Data

Data¶

The top-level component data contains an array of data sets in struct format. Each data set needs to contain the components type and name. Other components are dependent on the type of data set as demonstrated below:

name: custom string
type: string that determines the format of the observations
...: each type of observations has different parameter keys. Some of these are optional and marked accordingly in the more detailed description below

A detailed description of the different types with examples can be found below. While data, in most settings, has no uncertainty attached to it, this standard does allow to provide data with uncertainty, as there are some settings in which uncorrelated or correlated errors need to be taken into account. These include cases such as

generated data obtained from importance sampling, including a (potentially Gaussian) uncertainty from the frequency weights
unfolded data, resulting from arbitrarily complex transformation functions involving statistical models folding some degree of uncertainty into the data points themselves

While it should always be preferred to publish "raw" data, allowing to include pre-processed data with corresponding uncertainties expands the possible applications considerably.

Point Data¶

Point data describes a measurement of a single number, with a possible uncertainty (error).

name: custom string
type: point
value: value of this data point
uncertainty: (optional) uncertainty of this data point

Example: Point Data

"data":[ 
    { 
        "name":"data1", 
        "type":"point", 
        "value":0., 
        "uncertainty":1. 
    } 
]

Unbinned Data¶

Unbinned data describes a measurement of multiple data points in a possibly multi-dimensional space of variables.
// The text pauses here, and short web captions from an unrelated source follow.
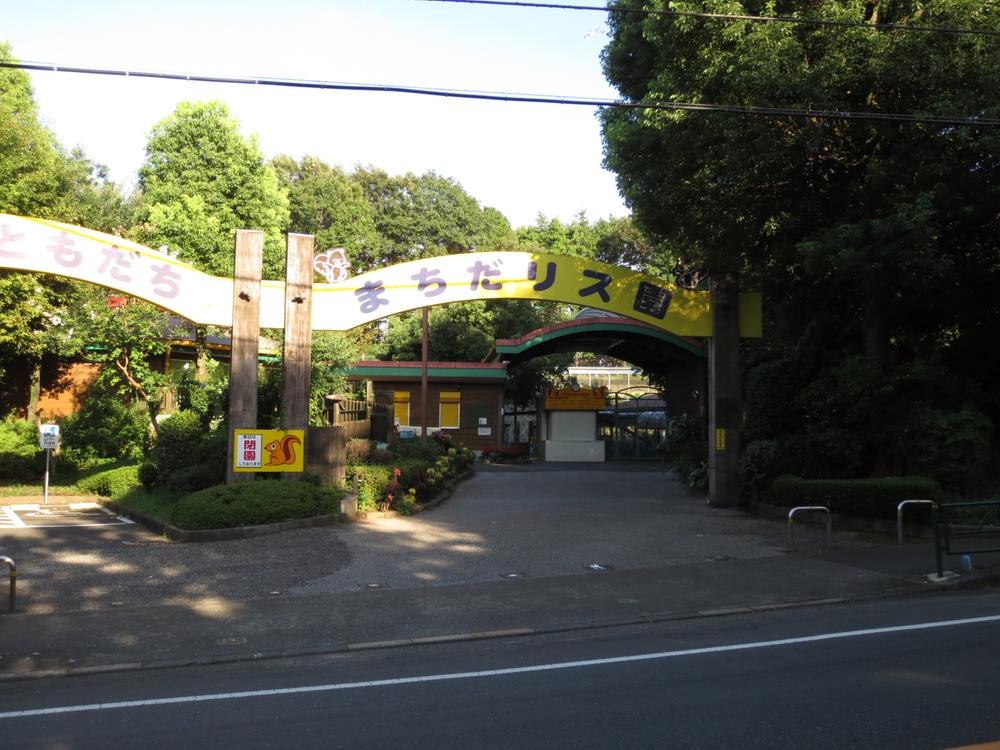 park. Machida 1200m to squirrel Garden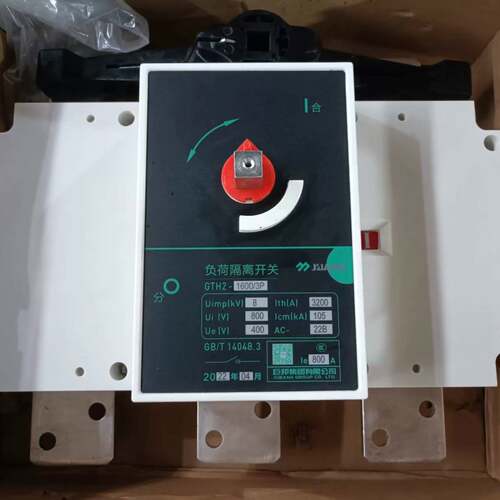 可维修带包装巨邦1600型800A隔离开关议价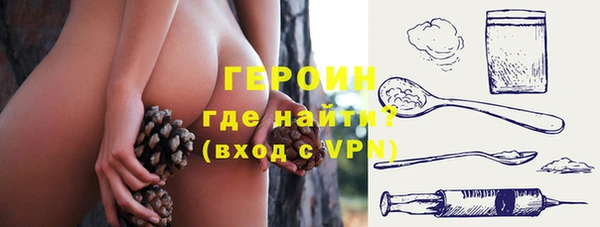 jwh Нефтегорск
These data points can be weighted.

name: custom string
type: unbinned
entries: array of arrays containing the coordinates/entries of the data
axes: array of structs representing the axes. Each struct must have the components name as well as max and min.
weights: (optional) array of values containing the weights of the individual data points, to be used for \(\chi^2\) comparisons and fits. If this component is not given, weight 1 is assumed for all data points. If given, the array needs to be of the same length as entries.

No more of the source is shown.